L’Inde éminemment réceptive a tout accueilli, tout fondu, tout absorbé. Tous les Dieux furent siens parce qu’elle eut peut-être on ne sait quelle vague conscience de leur commune origine aux sources des sensibilités humaines, souvent même de leur filiation, de leur identité profonde dans les tumultes des dénominations. L’Égypte semble avoir eu la même sensation, s’offrant aux parallèles des Divinités où se complaisait Hérodote. Mais l’Inde s’assimila tout, sans jamais s’arrêter. Et tant de contradictions se trouvèrent conciliées, — par de philosophiques points d’interrogation aux frontières de l’inconnu — selon les inspirations panthéistes du Vedanta, et surtout du Çamkya, sans Dieu, d’où dériva le bouddhisme avec son prolongement chrétien, l’un et l’autre bientôt défigurés.

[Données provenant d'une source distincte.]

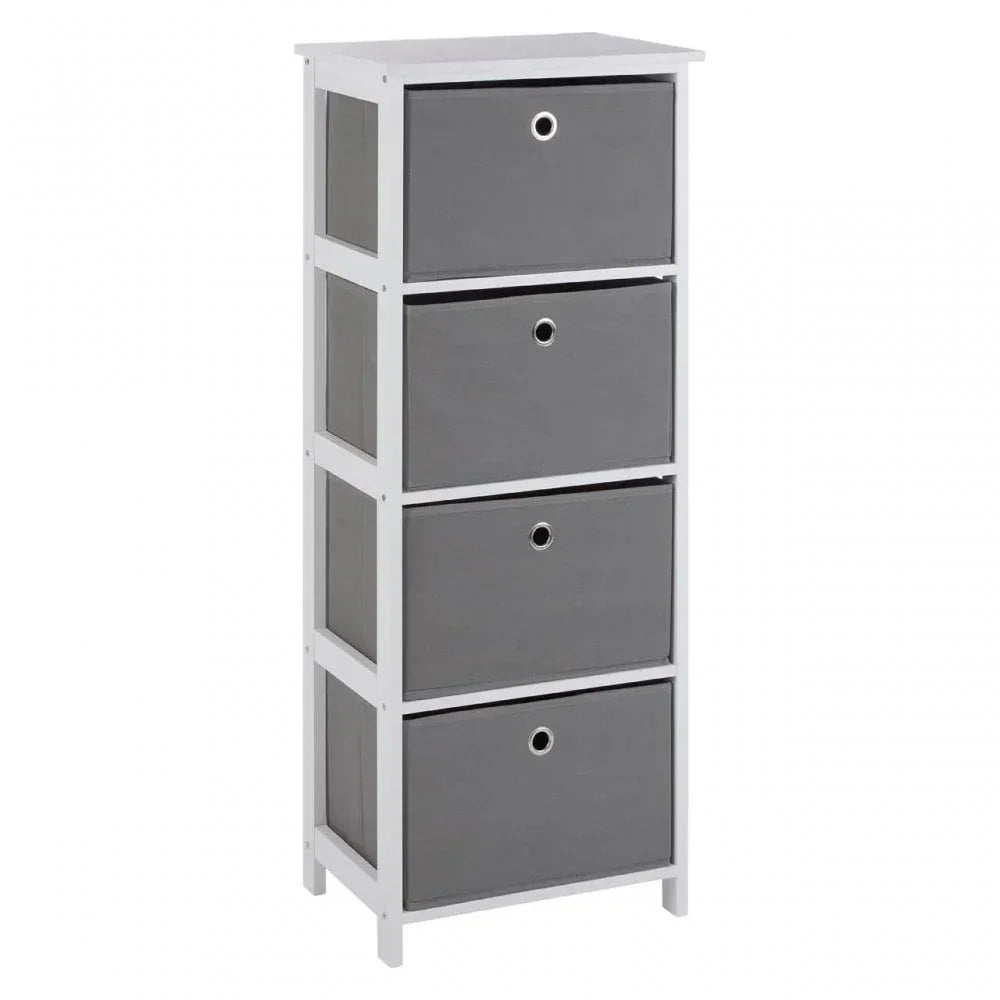 Tall storage unit with white frame and four grey fabric drawers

Le grand Mogol Akhbar, conquis par sa conquête, voulait fondre toutes les religions. Il n’entendait par là que les cultes. Dans la mesure du possible, le syncrétisme de l’Inde, plus haut que le sien, avait déjà, sans qu’il pût le comprendre, réalisé métaphysiquement, pour une part, la substance de son dessein. Peut-être finit-il par découvrir que le plus difficile pour l’homme, en matière religieuse, est de changer de métaphores. Je le lui aurais souhaité.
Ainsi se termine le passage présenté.